Premier point d’inquiétude : l’Annonciade et sa vertigineuse tour Odéon. « Nous avons demandé à connaître le flux de circulation du quartier qui va être un vrai cauchemar. D’autant plus si la perspective d’avoir un hôpital sur l’Annonciade se confirme. Nous n’avons eu aucune réponse du gouvernement », déplore Laurent Nouvion. Autre inquiétude soulevée par l’élue UP Anne Poyard-Vatrican : le centre de gérontologie clinique. « Le gouvernement va le livrer sans qu’il y ait eu d’anticipation sur les places de parking. Alors qu’il va y avoir 210 lits, 300 personnels soignants, plus les familles. Il faut impérativement que le gouvernement propose des solutions sur ce sujet ». Et de tacler les mauvais aménagements internes, notamment au niveau des sorties de la gare SNCF. « La sortie de la gare de Monaco au niveau du pont de Sainte Dévote a été mal conçue et sort du mauvais côté de la route obligeant tous les passagers à traverser et à couper le trafic en surface. Compte tenu de la complexité des chantiers qui sont réalisés à Monaco, faire un escalier roulant du bon côté de la route devrait être possible et permettrait de fluidifier le trafic », explique encore Anne Poyard-Vatrican.

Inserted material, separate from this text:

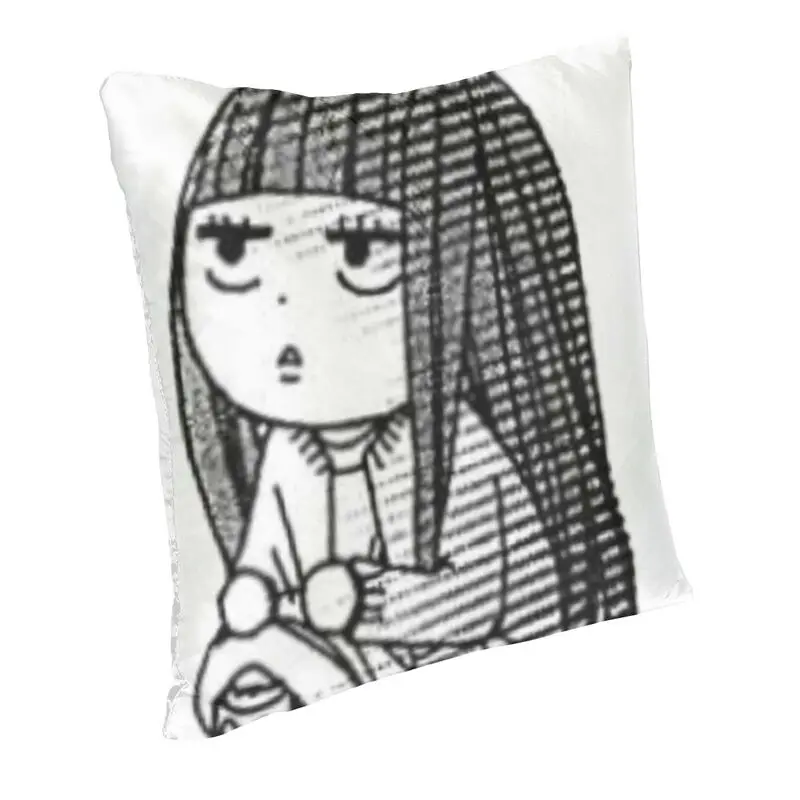 Kimi Ni Todoke Luxury Pillow Cover Decoracion Salon Kuronoma Sawako Daydreaming Cushion Case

Une piste qui aura peu d’impact selon le gouvernement. « Par expérience, on sait que ces passages ne fonctionnent pas. Tout simplement parce que les gens ne les empruntent pas. Mais en ce qui concerne la sortie de la gare, notamment au boulevard princesse Charlotte, on étudie tout de même la possibilité de construire un passage souterrain qui amènerait les usagers devant le boulevard de Suisse », réplique Gilles Tonelli.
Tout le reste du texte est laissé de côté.